22ª A DGAJ vem reiteradamente assumindo sempre que é decretada uma greve, a necessidade de haver lugar à definição de serviços mínimos e dos meios necessários de os garantir, atento o facto de os tribunais garantirem/assegurarem a prestação de necessidades sociais impreteríveis e a natureza dos direitos em causa, não pretendendo com isso neutralizar o direito de greve, ou reduzir substancialmente a sua eficácia, mas, evitar prejuízos extremos e injustificados dela decorrentes, como os que têm vindo a verificar-se como é do conhecimento de todos pelo destaque que alcançam na comunicação social.

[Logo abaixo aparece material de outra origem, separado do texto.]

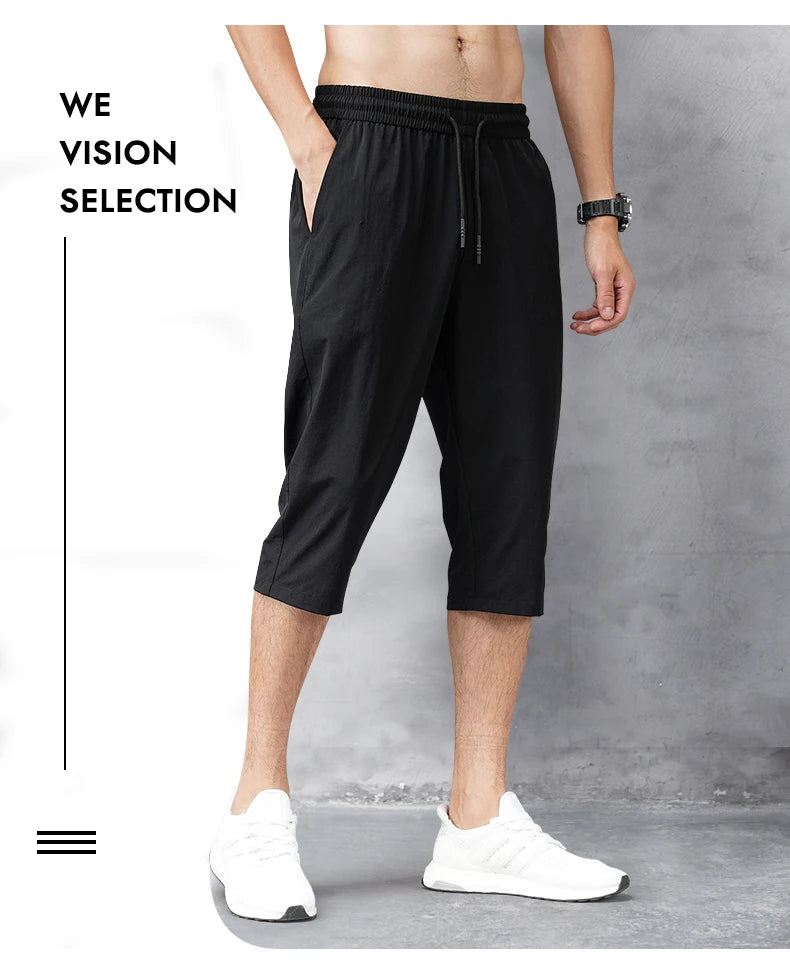 Summer Cropped Trousers for Men, Ice-Feel Breathable Stretch Trousers, Casual Versatile Shorts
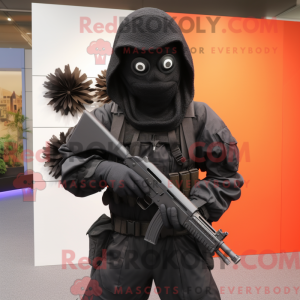 Mascot character of a Black Sniper dressed with a Wrap Skirt and Gloves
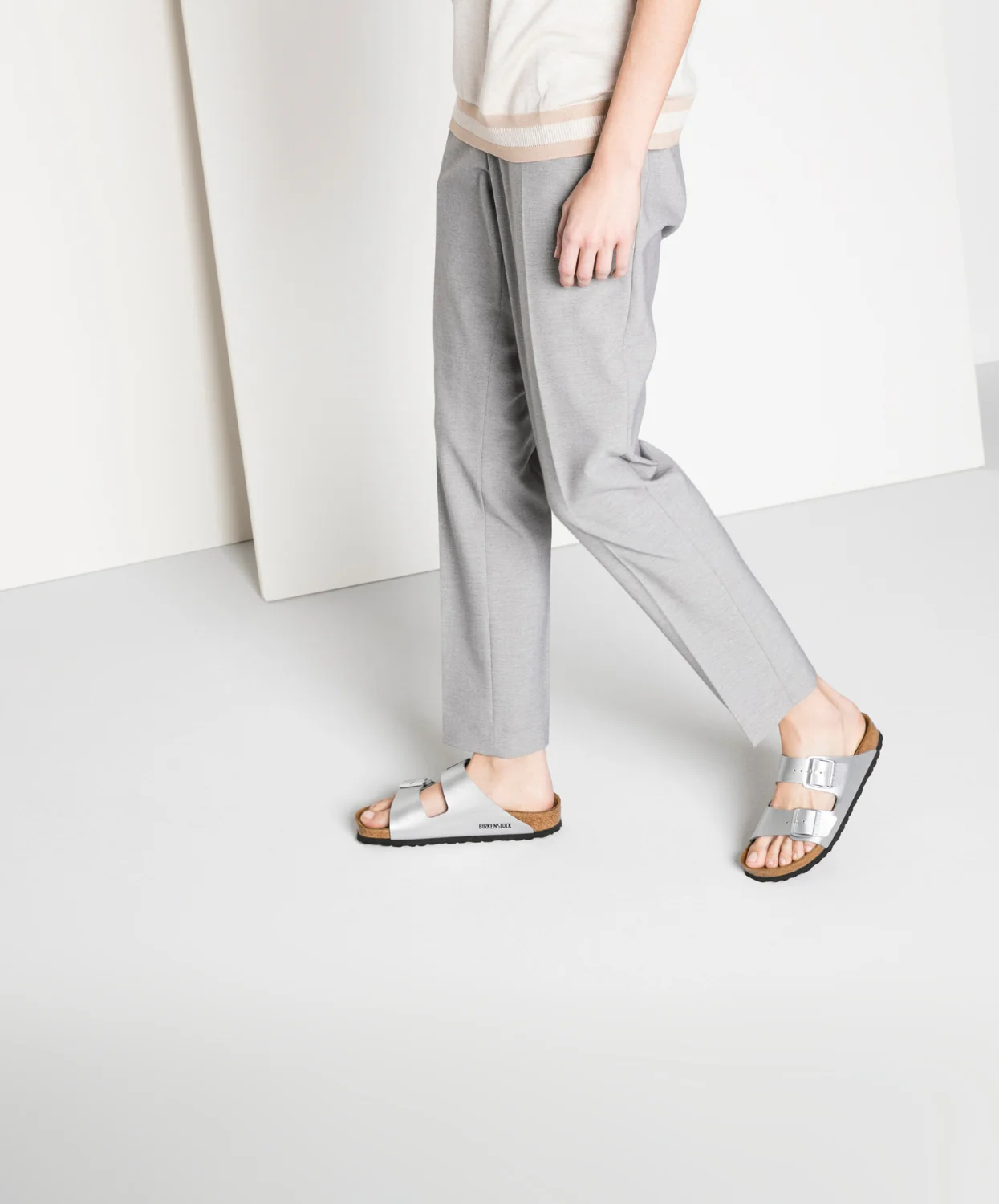 Birkenstock Arizona Birko-Flor Silver Sandals - Image 3
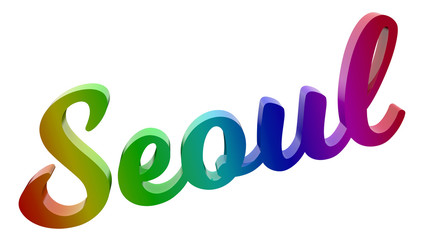 Seoul City Name Calligraphic 3D Rendered Text Illustration Colored With RGB Rainbow Gradient, Isolated On White Background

23ª Assim, uma ponderação equilibrada e proporcional dos interesses em colisão deveria ter conduzido o Colégio Arbitral ao reconhecimento da necessidade de evitar o perigo dos danos decorrentes do exercício do direito à greve em presença, salvaguardando os direitos dos cidadãos, não acolhendo propostas violadoras dos princípios da razoabilidade e proporcionalidade no que respeita à fixação dos serviços mínimos.
24ª Com efeito, o Colégio Arbitral, não pode, sob pena de violação, abstrair-se dos concretos direitos afetados pela greve e a posição central desses direitos no direito constitucional. Trata-se de situações de conflito de direitos que devem ser resolvidas em cada greve, não podendo o direito dos trabalhadores grevistas prevalecer em abstrato contra outros direitos constitucionalmente protegidos, de primordial importância, como seja a segurança, o direito à vida, à integridade física, à liberdade, à proteção de menores em risco.

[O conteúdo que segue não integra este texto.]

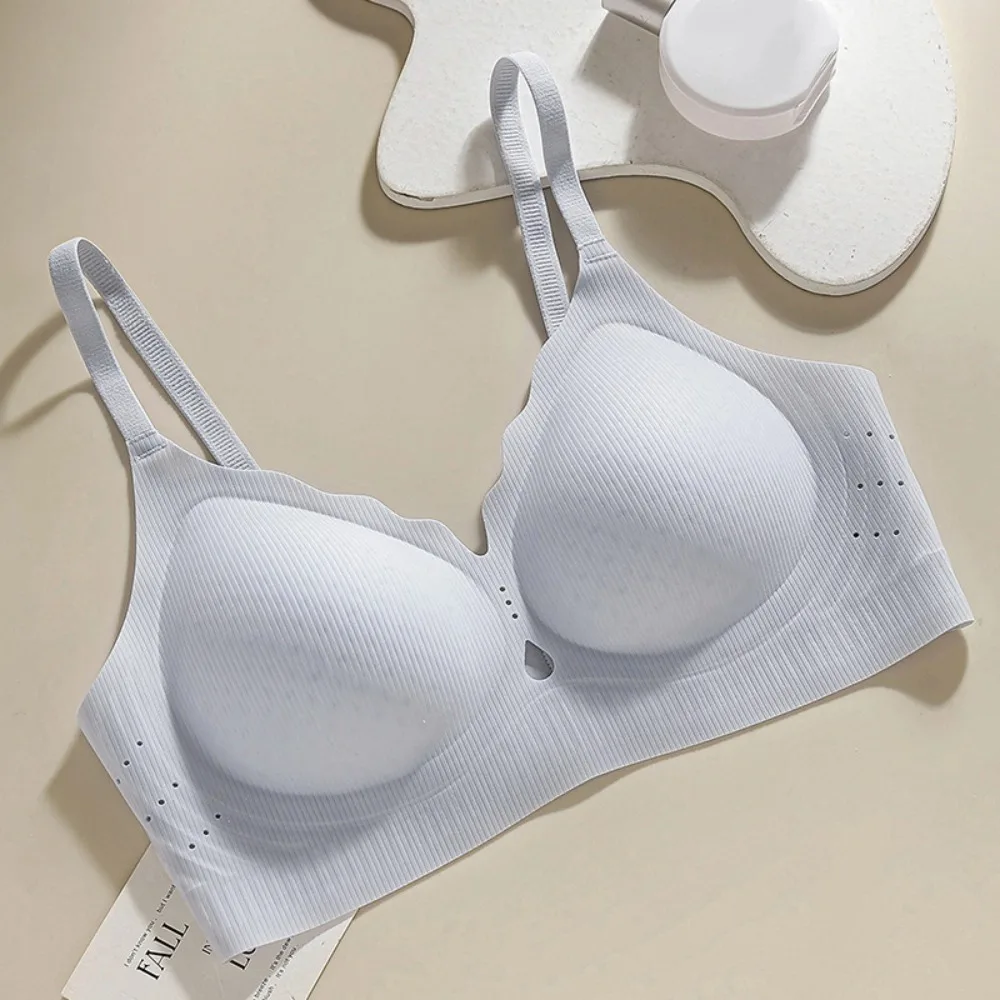 

Simple Traceless Jelly Seamless Bra Shockproof Lingerie Wireless Deep V Bra Solid Color Intimates Brassiere for Women Yoga Gym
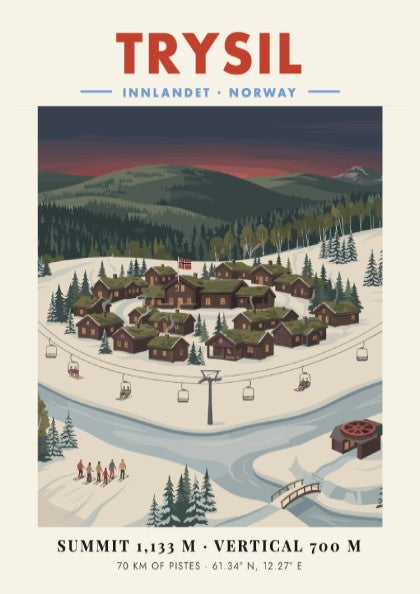 Trysil ski resort poster featuring a snowy village and twilight sky in vintage style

25ª As circunstâncias concretas das greves convocadas têm sido sucessivamente desvalorizadas quer pelo Colégio Arbitral quer pelo Tribunal da Relação de Lisboa, pois as mencionadas circunstâncias não têm sido objeto de ponderação nas respetivas decisões. Até ao momento presente nenhuma decisão ponderou na sua globalidade os efeitos das greves em curso, o que se traduz em decisões erradas, uma vez que a ausência de serviços mínimos tem tido um grave impacto no direito à segurança, no direito à vida, à integridade física, à liberdade, dos cidadãos, por se estar perante necessidades sociais impreteríveis, inadiáveis, que não podem ser asseguradas sem a fixação e o cumprimento desses serviços mínimos.
26ª Os Sindicatos têm vindo a desdobrar as greves que convocam em vários períodos temporais simultâneos, abrangendo todo o período de laboração, o que representa um artifício, pois o desmembramento da greve obsta à apreciação global do seu impacto e, consequentemente, dos serviços mínimos necessários a assegurar os direitos fundamentais dos cidadãos, configurando um uso abusivo do direito à greve.

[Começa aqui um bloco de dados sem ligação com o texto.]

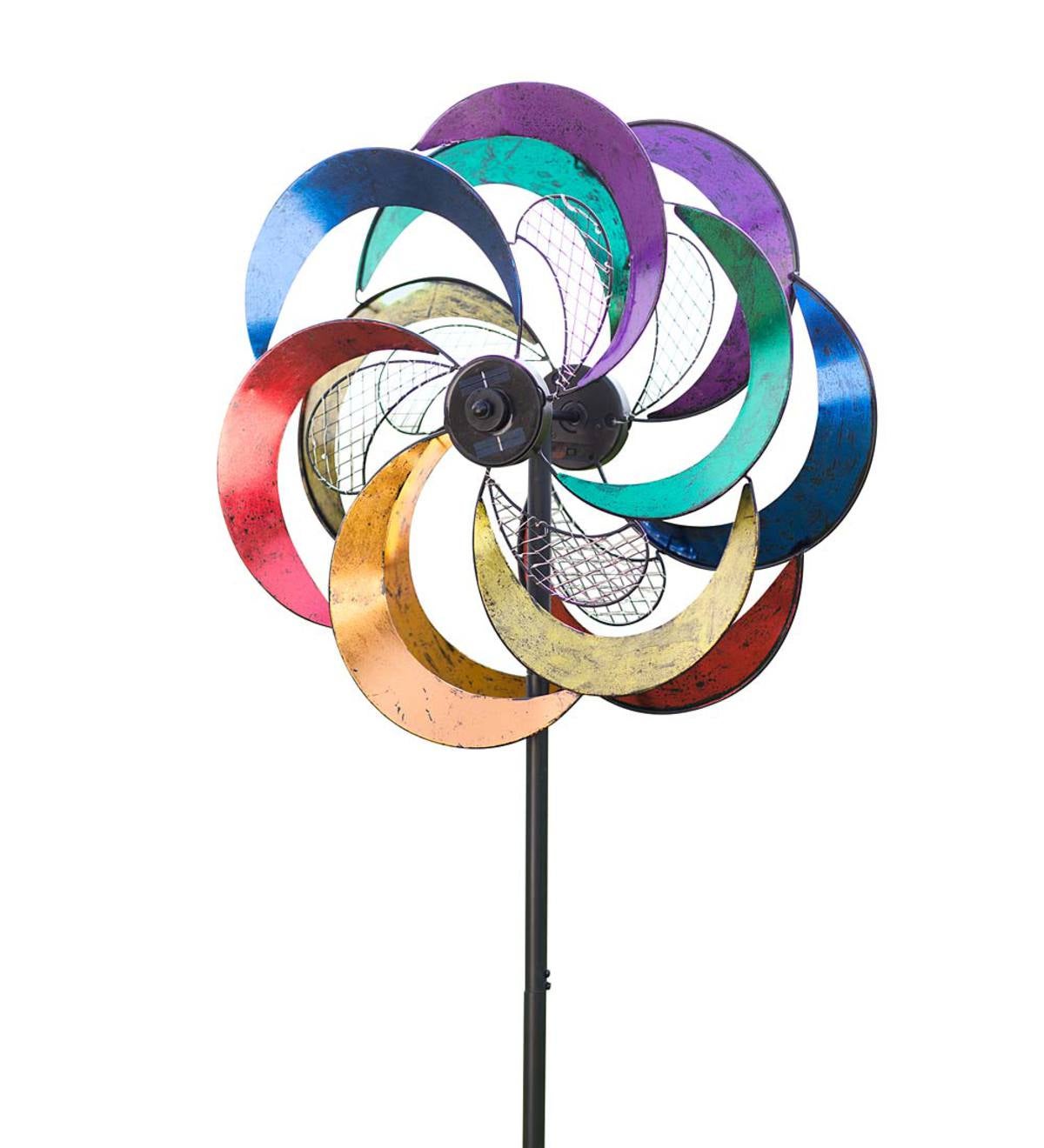 Multi-Colored Spiral Wind Spinner with Solar-Lighted Metal Mesh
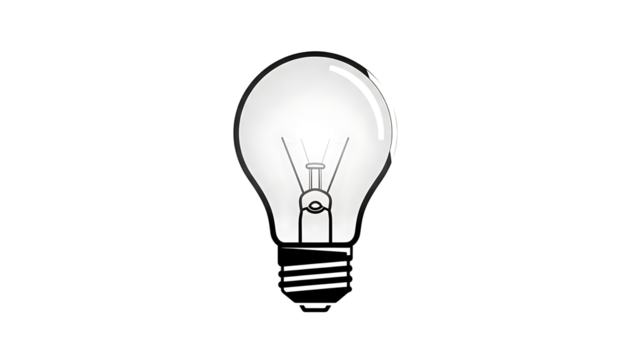 A simple light bulb on transparent background - Powered by Adobe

27ª A decisão arbitral sob recurso apoia-se num argumento que é incompatível com o princípio da liberdade sindical, consagrado no art.55.º e art.º 13.º da CRP, por discriminar os trabalhadores que no seu direito à greve por razões de filiação sindical, e é ilegal por violação do art.º540.º do Código do Trabalho.
28ª A greve é um direito dos trabalhadores enquanto tais, independentemente da sua filiação sindical. A titularidade desse direito pertence ao trabalhador individualmente considerado, inserindo-se tal direito na esfera jurídica de cada um dos trabalhadores.
29ª O direito à greve não é um direito das associações sindicais, mas dos trabalhadores que a ela podem aderir, uma vez decretada, independentemente da sua filiação no sindicato que emitiu o aviso prévio, uma vez que o princípio da liberdade sindical não admite qualquer discriminação positiva ou negativa em razão da filiação ou não filiação sindical.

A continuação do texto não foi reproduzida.